Direct literary evidence, in the sense in which the term is usually understood, cannot be said to exist. As before mentioned, no classical author alludes, either directly or indirectly, to these megalithic structures; yet they could not have been ignorant of them if they existed. When Cæsar and his army witnessed the fight between his galleys and the fleet of the Veneti in the Morbihan, he must have stood—if he occupied the best place—on Mont St. Michel, if it then existed, and among the stone avenues of Carnac. Is it likely that such an artist would have omitted the chance of heightening his picture by an allusion to the "standing stones" of Dariorigum? The Romans occupied Old Sarum probably during the whole time they remained in this island, and the Via Badonica passed so immediately under Silbury Hill that they could not have been ignorant of either Stonehenge or Avebury. Nor in France could they possibly have missed seeing the numerous dolmens with which the country is covered. Notwithstanding all this, the silence is absolute. The circular temple of the Hyperboreans is the only thing any one has ever pretended to quote against this; and that, for reasons given above being inadmissible, any argument based on it falls to the ground.

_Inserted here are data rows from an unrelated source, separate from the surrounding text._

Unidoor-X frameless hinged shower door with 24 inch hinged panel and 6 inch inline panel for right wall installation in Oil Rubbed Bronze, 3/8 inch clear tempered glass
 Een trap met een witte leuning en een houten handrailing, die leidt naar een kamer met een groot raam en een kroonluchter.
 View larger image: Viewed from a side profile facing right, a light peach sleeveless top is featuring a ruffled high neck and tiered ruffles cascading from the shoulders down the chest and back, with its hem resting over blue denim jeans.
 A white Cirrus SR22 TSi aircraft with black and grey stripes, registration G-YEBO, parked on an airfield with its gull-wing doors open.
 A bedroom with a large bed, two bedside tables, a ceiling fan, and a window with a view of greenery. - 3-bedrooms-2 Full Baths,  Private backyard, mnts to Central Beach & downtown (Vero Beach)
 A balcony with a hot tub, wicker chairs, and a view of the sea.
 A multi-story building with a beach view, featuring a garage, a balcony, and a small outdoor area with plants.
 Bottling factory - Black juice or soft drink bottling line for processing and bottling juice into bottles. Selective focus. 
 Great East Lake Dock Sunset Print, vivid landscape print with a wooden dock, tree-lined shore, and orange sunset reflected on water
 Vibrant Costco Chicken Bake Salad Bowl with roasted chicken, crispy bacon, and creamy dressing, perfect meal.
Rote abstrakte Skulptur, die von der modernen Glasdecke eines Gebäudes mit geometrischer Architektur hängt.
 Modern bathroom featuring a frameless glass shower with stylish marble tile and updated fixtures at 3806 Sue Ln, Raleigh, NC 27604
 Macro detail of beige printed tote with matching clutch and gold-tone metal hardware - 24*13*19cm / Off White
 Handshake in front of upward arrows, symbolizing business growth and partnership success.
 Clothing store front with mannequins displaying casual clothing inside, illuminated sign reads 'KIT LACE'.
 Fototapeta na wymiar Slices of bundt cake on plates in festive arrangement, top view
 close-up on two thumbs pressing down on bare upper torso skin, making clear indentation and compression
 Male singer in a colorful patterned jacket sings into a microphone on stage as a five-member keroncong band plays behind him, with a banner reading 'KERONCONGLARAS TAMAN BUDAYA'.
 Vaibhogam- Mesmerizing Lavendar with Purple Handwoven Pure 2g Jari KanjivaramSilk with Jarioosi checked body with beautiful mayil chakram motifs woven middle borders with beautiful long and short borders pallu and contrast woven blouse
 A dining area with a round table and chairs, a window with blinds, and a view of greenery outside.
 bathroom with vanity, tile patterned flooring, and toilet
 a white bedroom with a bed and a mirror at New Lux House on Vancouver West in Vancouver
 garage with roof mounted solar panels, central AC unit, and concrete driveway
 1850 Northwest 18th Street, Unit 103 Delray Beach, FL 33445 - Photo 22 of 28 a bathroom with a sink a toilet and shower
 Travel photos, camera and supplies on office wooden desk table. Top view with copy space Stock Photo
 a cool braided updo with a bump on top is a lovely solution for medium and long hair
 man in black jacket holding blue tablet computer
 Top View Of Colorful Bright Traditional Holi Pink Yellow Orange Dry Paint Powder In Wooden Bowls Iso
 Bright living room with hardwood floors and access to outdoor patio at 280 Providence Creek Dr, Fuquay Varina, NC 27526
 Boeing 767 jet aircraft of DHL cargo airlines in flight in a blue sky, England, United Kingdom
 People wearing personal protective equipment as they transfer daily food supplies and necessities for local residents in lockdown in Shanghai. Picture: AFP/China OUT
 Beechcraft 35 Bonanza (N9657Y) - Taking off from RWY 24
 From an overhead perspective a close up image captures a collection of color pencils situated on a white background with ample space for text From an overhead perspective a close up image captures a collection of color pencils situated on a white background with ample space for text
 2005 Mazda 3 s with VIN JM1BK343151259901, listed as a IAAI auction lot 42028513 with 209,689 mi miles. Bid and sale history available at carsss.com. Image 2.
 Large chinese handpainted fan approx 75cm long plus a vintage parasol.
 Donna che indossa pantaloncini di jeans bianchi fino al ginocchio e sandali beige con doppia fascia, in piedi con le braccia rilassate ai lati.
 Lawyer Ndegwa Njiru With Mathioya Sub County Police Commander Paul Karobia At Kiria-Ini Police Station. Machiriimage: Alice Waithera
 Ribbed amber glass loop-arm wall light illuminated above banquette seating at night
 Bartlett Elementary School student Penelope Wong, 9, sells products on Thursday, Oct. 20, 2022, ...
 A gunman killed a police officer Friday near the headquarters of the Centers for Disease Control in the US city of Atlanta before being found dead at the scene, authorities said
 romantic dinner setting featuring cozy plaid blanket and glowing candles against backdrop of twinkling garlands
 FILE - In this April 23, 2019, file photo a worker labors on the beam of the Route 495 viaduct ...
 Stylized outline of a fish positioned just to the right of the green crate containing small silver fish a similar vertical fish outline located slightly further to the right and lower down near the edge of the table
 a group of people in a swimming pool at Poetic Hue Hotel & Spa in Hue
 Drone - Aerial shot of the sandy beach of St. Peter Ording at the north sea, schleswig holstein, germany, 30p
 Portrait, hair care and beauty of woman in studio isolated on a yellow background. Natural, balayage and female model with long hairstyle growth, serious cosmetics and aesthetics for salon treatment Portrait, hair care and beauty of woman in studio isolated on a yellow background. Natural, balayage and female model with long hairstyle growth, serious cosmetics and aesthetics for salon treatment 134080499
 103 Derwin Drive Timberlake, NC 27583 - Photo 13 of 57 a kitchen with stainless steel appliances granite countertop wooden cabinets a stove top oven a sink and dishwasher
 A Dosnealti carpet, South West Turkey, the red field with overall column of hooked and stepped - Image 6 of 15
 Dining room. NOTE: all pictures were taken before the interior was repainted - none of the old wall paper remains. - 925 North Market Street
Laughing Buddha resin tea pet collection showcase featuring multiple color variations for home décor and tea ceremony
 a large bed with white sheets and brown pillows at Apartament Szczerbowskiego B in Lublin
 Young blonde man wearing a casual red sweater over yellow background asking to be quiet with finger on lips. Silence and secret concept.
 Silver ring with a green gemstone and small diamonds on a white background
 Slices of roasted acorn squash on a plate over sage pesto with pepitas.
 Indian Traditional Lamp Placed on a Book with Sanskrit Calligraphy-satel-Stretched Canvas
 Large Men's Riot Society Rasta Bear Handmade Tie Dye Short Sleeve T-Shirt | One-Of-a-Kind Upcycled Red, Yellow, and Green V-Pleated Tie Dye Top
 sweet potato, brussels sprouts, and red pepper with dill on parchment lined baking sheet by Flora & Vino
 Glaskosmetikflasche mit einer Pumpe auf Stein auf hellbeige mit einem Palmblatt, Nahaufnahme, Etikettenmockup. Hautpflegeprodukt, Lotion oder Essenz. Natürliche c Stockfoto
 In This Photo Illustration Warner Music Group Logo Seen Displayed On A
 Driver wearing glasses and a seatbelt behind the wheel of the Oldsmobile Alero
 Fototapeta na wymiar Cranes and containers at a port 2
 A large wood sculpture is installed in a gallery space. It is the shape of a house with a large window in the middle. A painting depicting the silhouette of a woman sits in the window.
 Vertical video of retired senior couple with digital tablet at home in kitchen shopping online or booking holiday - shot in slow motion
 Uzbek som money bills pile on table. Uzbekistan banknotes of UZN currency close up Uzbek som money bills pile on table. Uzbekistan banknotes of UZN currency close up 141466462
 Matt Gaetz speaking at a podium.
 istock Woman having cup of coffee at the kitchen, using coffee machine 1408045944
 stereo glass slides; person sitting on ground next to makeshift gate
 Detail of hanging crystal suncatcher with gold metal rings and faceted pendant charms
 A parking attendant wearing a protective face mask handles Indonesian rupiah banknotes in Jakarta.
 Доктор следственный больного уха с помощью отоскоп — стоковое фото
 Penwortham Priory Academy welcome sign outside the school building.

Neither Cæsar nor Tacitus, though describing the religious observances of our forefathers, make any mention of temples; nor, indeed, does any other classical author. Tacitus[23] tells us that the Germans worshipped only in groves; and though this is hardly to the point, his relations with Agricola were so intimate that had the Gauls and Britons had temples of stone, he could hardly have avoided alluding to them. The inference from Cæsar and all the other authors is the same, but there is no direct evidence either way.
There is no passage in any classical authors which connects the Druids, either directly or indirectly, with any stone temples or stones of any sort. Dracontia are wholly the creation of Dr. Stukeley's very fertile imagination.
So far, therefore, as negative evidence goes, it is complete in showing that our megalithic circles did not exist in the time of the Romans, and that they were not temples. Unfortunately, however, no amount of negative evidence is sufficient to prove an affirmative, though it may suffice to establish a strong presumption in favour of a particular view, and, at all events, clears the way for the production of any direct evidence which we may have. The direct written evidence that has been adduced is, however, of the most shadowy character. It amounts to little more than this:—that every allusion to these monuments in mediæval authors, every local tradition, every scrap of intelligence we have regarding them, points to a post-Roman origin. No writer, of any age or country, suggested their being prehistoric or even pre-Roman before the age of Stukeley,—say 1700.